>This *is* a no brainer: patriotism and anarchism simply don't mix.
>Anarchism is against the nation-state. We're not going to fool anybody
>about our anti-statist politics by waving some symbol.
but you will wave the black flag, right? if you do, then you're waving "some symbol" and, as such, it stands for something right? anarchists for something and against something? and, even if you try to make it only a symbol of anarchist identity united against something, the logic of the black flag is the same as the logic of any flag identified with a nation: WE (against them) or (we against) THEM.

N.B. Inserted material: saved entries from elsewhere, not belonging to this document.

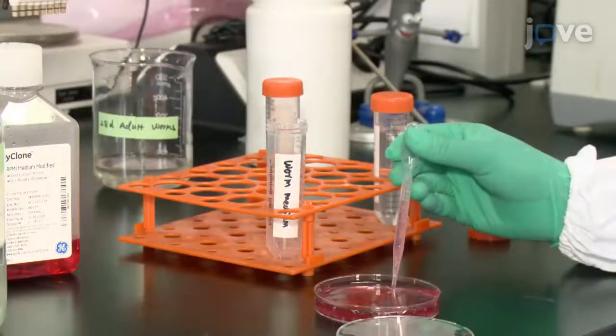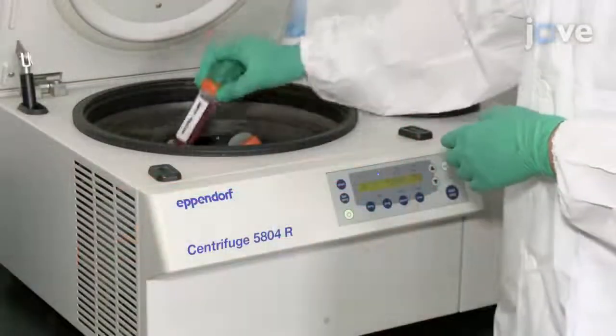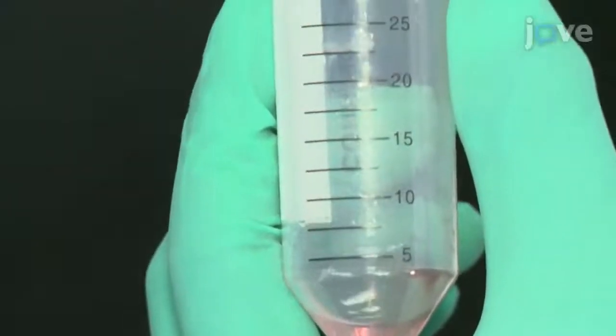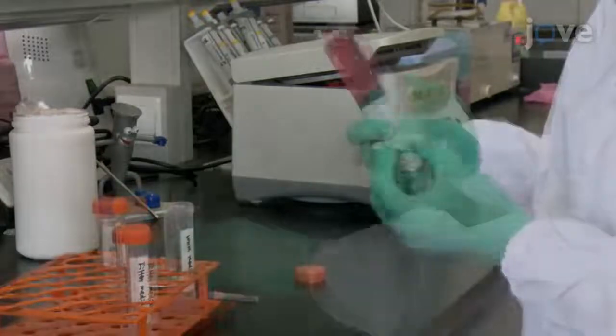After two hours, transfer the media from the plates to centrifuge tubes, and then pellet the eggs and worm debris at 2000 g for 30 minutes at 4 degrees Celsius. Then collect and transfer the supernatant to a fresh tube. Next, filter the supernatant through a 0.22 micron syringe filter.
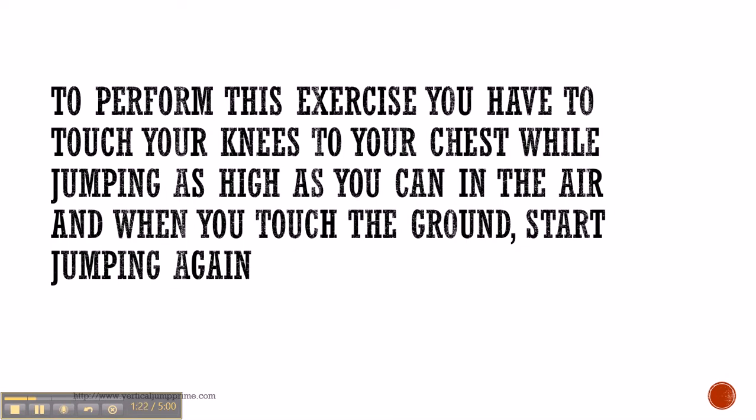A tuck jump is jumping up, touching your knees to your chest, and you keep doing that over and over. At first it may be a little difficult, but keep working until you're able to jump up and touch your knees to your chest repetitively.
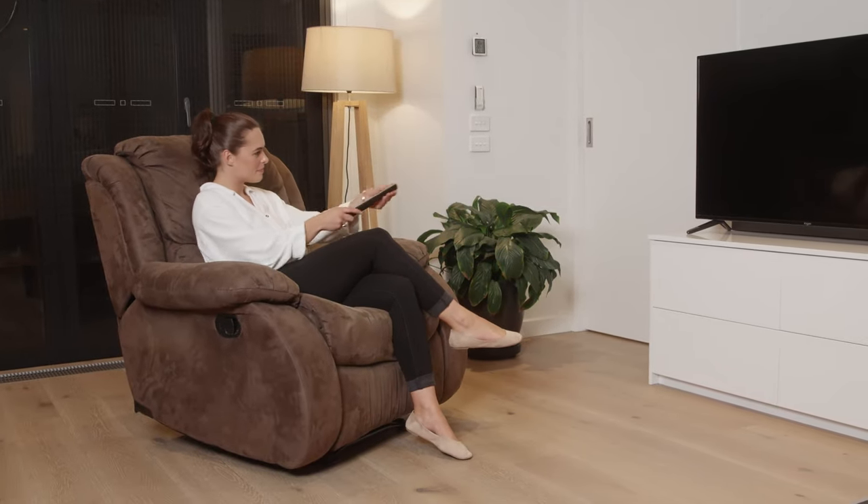No more unwanted movement or damaged floors. Slip Sticks recliner gripper feet are backed by our five-year warranty.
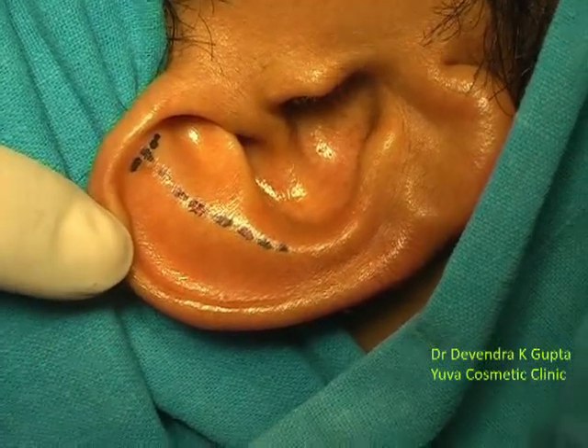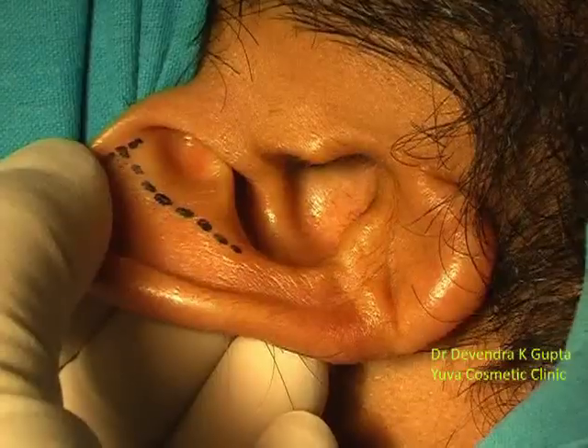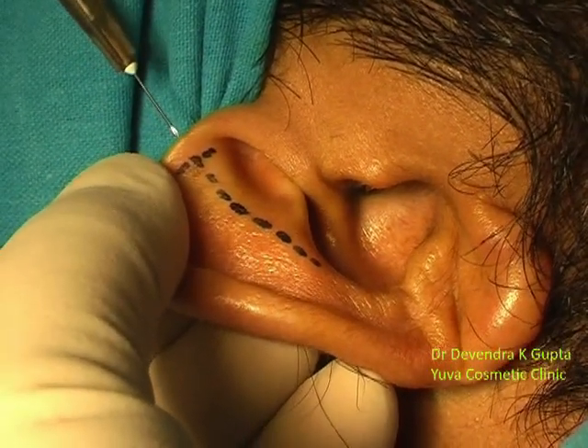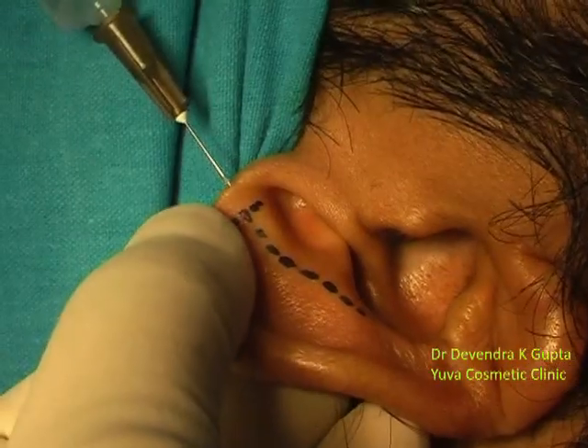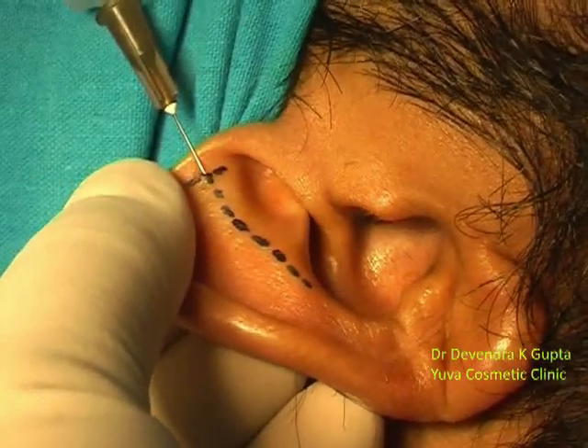The same detailed procedure is repeated on the other side also — the incision line, with the help of local anesthetic solution. I have not mixed adrenaline here.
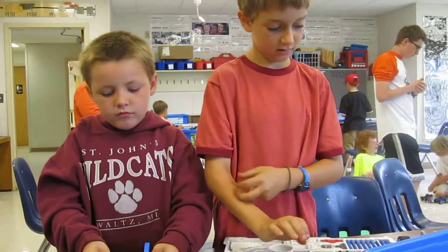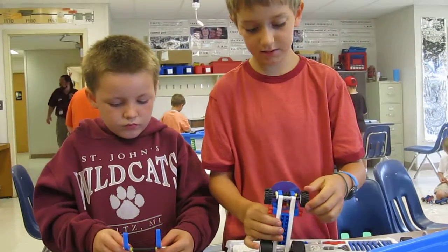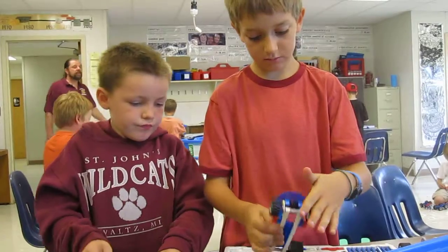And we made it with a rubber band attaching to this. Okay folks, I'm going to grab...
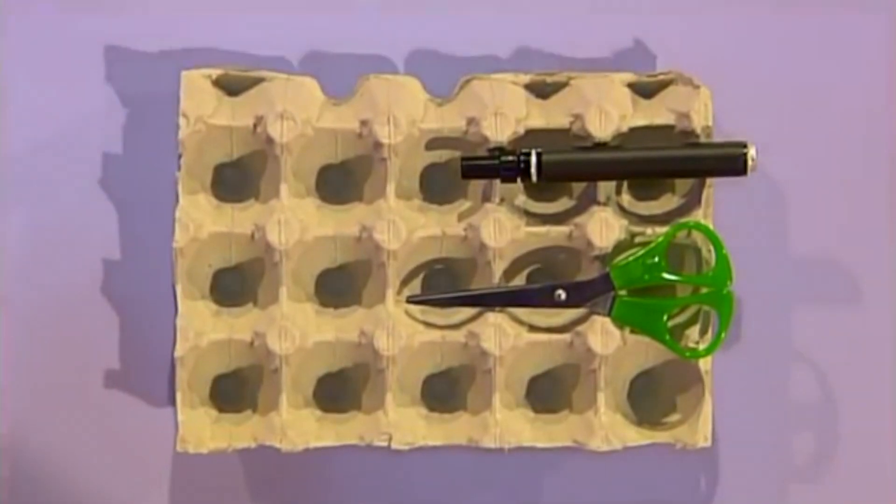Got a minute? Because this is the part of the program where we show you how to make something in under a minute using odds and ends from around your house. Today it is my turn to make and my turn to time, and this is all I need to make something that's very, very weird. Well, we're not going to tell you what it is just yet — see if you guess along the way!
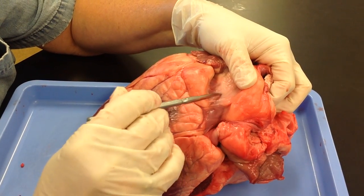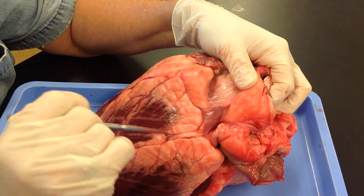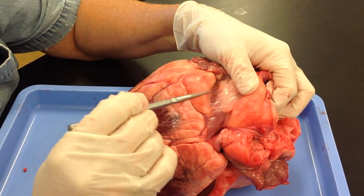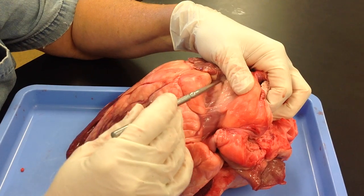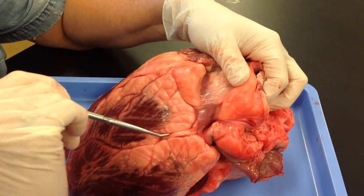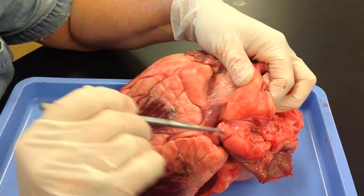If I had a pin here and said where was the blood before it was here, you would say cardiac veins. Where is the blood after it passes here — right atrium. The coronary sinus collects all the deoxygenated blood from the heart muscle itself and takes it to the right.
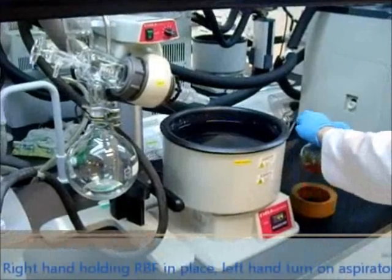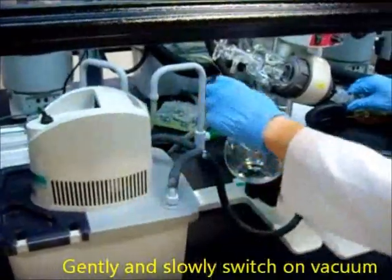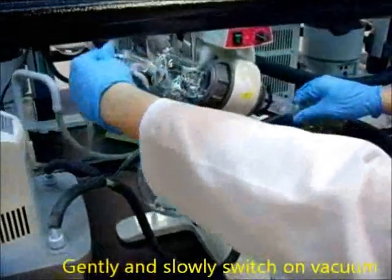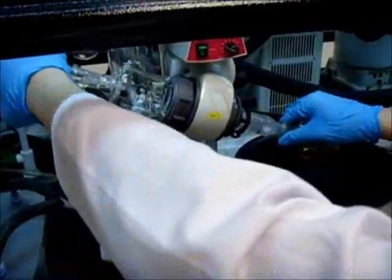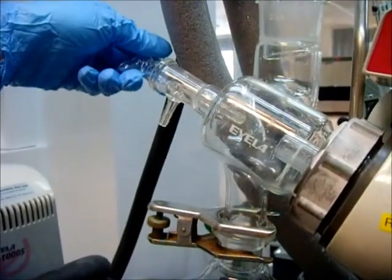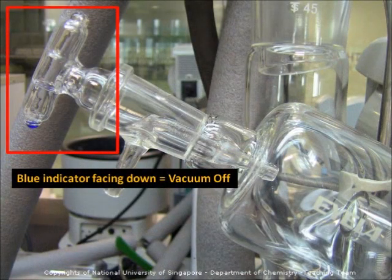Now, with your right hand holding the round bottom flask in place, turn on the aspirator using your left hand. Gently and slowly switch on the vacuum and listen for the change in the sound of the evaporator. If the blue indicator is facing down, the vacuum is off; if it is facing you, the vacuum is on.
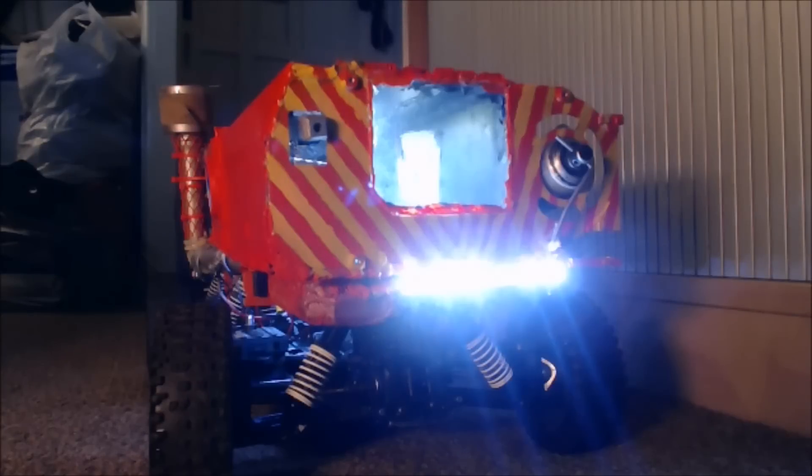Hi guys, welcome back to my channel. While the weather's bad and I'm a bit ill and not really doing any work, I thought I'd just stop and share a few quick updates with you on where I am with my truck.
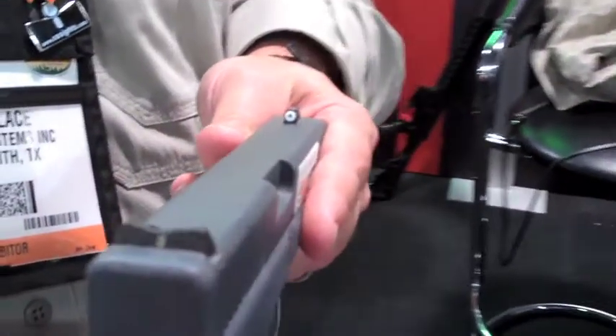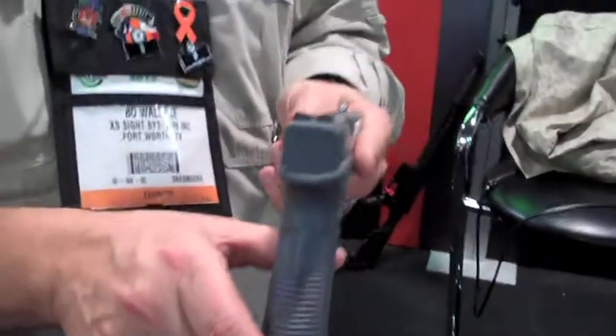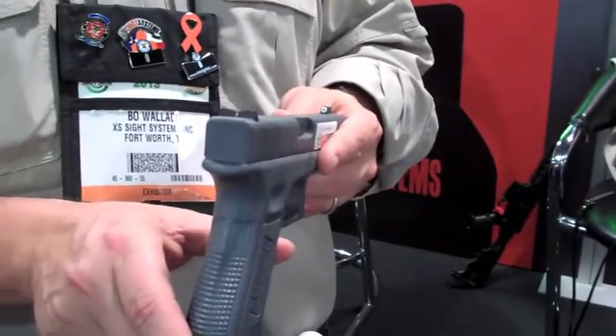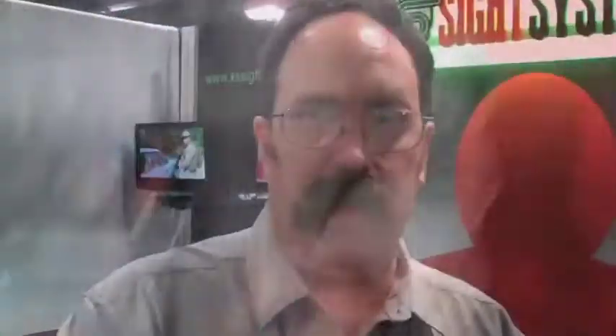It's got Tritium front and rear in most cases, so you've got something that will give you no light to low light. The other feature about our sight is the big white dot. What that does, it covers the mid-light levels, where a lot of other night sights leave you hanging, because Tritium isn't all that bright. You can see it in very low light to no light, but in mid-light levels, you lose it.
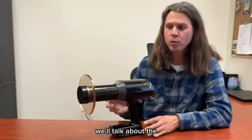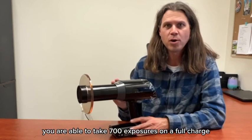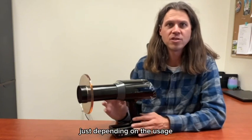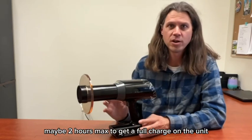First we'll talk about the warranty — it does come with a two-year warranty. You are able to take 700 exposures on a full charge, which should last you anywhere between three days to a little over a week depending on the usage. It should only take about an hour, maybe two hours max, to get a full charge on the unit, so that's nice too.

you can't get around the fact that in order to build a movement against nationalism/capitalism/statism, then you are recreating a new "ism" and a new kind of solidarity that reaches across localities. Although it may be more encompassing and seem more fluid and contestable than the nation-state, its logic is the same. the anarchist flag is a symbol meant to unite people all across the world in a struggle against the capitalist state and state capitalism. and that is exactly the logic that underpinned nationalism:
(The nation state) is imagined because the members of even the smallest nation will never know most of their fellow-members, meet them, or even hear of them, yet in the minds of each lives the image of their communion. Renan referred to this imagining in his suavely back-handed way when he wrote that 'Or lessence d'une nation est que tons les individus aient beaucoup de choses en commun, et aussi que tous aient oublié bien des choses. With a certain ferocity Gellner makes a comparable point when he rules that 'Nationalism is not the awakening of nations to self-consciousness: it invents nations where they do not exist.' The drawback to this formulation, however, is that Gellner is so anxious to show that nationalism masquerades under false pretences that he assimilates 'invention' to 'fabrication' and 'falsity', rather than to 'imagining' and 'creation'. In this way he implies that 'true' communities exist which can be advantageously juxtaposed to nations. In fact, all communities larger than primordial villages of face-to-face contact (and perhaps even these) are imagined. Communities are to be distinguished, not by their falsity/genuineness, but by the style in which they are imagined. Javanese villagers have always known that they are connected to people they have never seen, but these ties were once imagined particularistically-as indefinitely stretchable nets of kinship and clientship. Until quite recently, the Javanese language had no word meaning the abstraction 'society.' We may today think of the French aristocracy of the ancien régime as a class; but surely it was imagined this way only very late. To the question 'Who is the Comte de X? the normal answer would have been, not 'a member of the aristocracy,' but 'the lord of X, 'the uncle of the Baronne de Y,'or 'a client of the Duc de Z.'
(here, in the passage below, just recall that what lies outside your boundaries is the liberal and the insufficiently alienated)
The nation is imagined as limited because even the largest of them encompassing perhaps a billion living human beings, has finite, if elastic boundaries, beyond which lie other nations. No nation imagines itself coterminous with mankind. The most messianic nationalists do not dream of a day when all the members of the human race will join their nation in the way that it was possible, in certain epochs, for, say, Christians to dream of a wholly Christian planet.
It is imagined as sovereign because the concept was born in an age in which Enlightenment and Revolution were destorying the legitamcy of the devinely-ordained, hierarchical dynastic realm. Coming to maturity at a stage of human history when even the most devout adherents of any universal religion were inescapably confronted with the living pluralism of such religions, and the allomorphism between each faith's ontological claims and territorial stretch, nations dream of being free, and, if under God, directly so. The gage and emblem of this freedom is the sovereign state.
Finally, it is imagined as a community, because, regardless of the actual inequality and exploitation that may prevail in each, the nation is always conceived as a deep, horizontal comradeship. Ultimately it is this fraternity that makes it possible, over the past two centuries, for so many millions of people, not so much to kill, as willingly to die for such limited imaginings.
These deaths bring us abruptly face to face with the central problem posed by nationalism: what makes the shrunken imaginings of recent history (scarcely more than two centuries) generate such colossal sacrifices? I believe that the beginnings of an answer lie in the cultural roots of nationalism.
Anderson, Benedict. Imagined Communities: Reflections on the Origin and Spread of Nationalism. Revised Edition ed. London and New York: Verso, 1991, pp. 5-7.